Correlation - Correlation Matrix

From Q
Jump to navigation Jump to search
VizIcon Correlation Matrix Heatmap.svg

Creates a correlation matrix from variables, questions, variable sets, or a table. See What is Correlation? and What is a Correlation Matrix? for more information about correlation and correlation matrices.

Example

Output Example:
The correlation matrix is displayed as a triangular heatmap:


Options

Input type The type of input to use. A choice between Variables, Questions/Variable sets and Table.

Variables The variables to use in the correlation matrix.

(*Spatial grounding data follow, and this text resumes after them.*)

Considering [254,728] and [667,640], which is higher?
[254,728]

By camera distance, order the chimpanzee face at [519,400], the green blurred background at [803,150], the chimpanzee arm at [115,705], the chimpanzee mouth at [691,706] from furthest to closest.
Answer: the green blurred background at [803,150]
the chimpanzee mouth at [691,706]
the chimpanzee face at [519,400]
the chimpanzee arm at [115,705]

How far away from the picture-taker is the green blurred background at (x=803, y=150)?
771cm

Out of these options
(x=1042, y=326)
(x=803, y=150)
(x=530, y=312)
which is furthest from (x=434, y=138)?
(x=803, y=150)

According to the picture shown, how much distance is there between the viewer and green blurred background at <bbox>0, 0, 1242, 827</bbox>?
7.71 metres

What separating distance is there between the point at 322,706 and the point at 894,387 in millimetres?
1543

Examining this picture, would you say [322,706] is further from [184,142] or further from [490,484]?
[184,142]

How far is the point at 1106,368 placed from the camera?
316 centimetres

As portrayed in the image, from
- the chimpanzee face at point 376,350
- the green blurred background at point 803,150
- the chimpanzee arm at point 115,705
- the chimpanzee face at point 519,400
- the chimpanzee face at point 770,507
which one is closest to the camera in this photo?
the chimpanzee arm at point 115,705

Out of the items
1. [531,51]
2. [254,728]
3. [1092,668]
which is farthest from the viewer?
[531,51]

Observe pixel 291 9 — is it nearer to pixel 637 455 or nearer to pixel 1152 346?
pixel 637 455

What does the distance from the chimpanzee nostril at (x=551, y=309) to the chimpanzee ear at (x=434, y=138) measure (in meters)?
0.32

Questions/Variable sets The questions (known as variable sets in Displayr) to use in the correlation matrix.

Table The table to use in the correlation matrix. Correlations are calculated between columns in the table.

Ignore For question inputs, these are the question categories to ignore; for table inputs, these are the columns and rows in the source table to ignore.

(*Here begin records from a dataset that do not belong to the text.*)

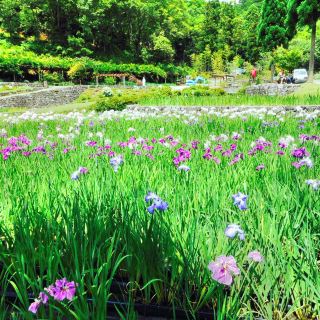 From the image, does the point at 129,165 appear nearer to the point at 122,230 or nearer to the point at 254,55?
the point at 122,230

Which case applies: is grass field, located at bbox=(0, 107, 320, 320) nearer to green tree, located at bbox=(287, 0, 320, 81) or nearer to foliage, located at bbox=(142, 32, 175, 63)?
green tree, located at bbox=(287, 0, 320, 81)

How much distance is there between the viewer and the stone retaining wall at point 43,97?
71.4 ft

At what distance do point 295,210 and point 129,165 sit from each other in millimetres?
1437

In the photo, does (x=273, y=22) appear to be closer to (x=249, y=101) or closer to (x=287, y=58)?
A: (x=287, y=58)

Missing data See Missing Data Options.

Correlation type Choose between the standard Pearson's correlation or Spearman's correlation.

Categorical as binary Represent unordered categorical variables as binary variables. Otherwise, they are represented as sequential integers (i.e., 1 for the first category, 2 for the second, etc.). Note that categorical variables in Number - Multi questions are treated according to their numeric values and not converted to binary.

Variable names Displays Variable Names in the output.

Color palette Select colors used in the color scale bar

Minimum/maximum value Set upper and lower bounds of the color scale. Value beyond this range will be set to NA.

Show cell values Whether to display cell values, or if this should be determined based on available space (Automatic).

Show row labels Whether to display row labels.

Show column labels Whether to display column labels.

Additional Properties

When using this feature you can obtain additional information that is stored by the R code which produces the output.

  1. To do so, select Create > R Output.
  2. In the R CODE, paste: item = YourReferenceName
  3. Replace YourReferenceName with the reference name of your item. Find this in the Report tree or by selecting the item and then going to Properties > General > Name from the object inspector on the right.
  4. Below the first line of code, you can paste in snippets from below or type in str(item) to see a list of available information.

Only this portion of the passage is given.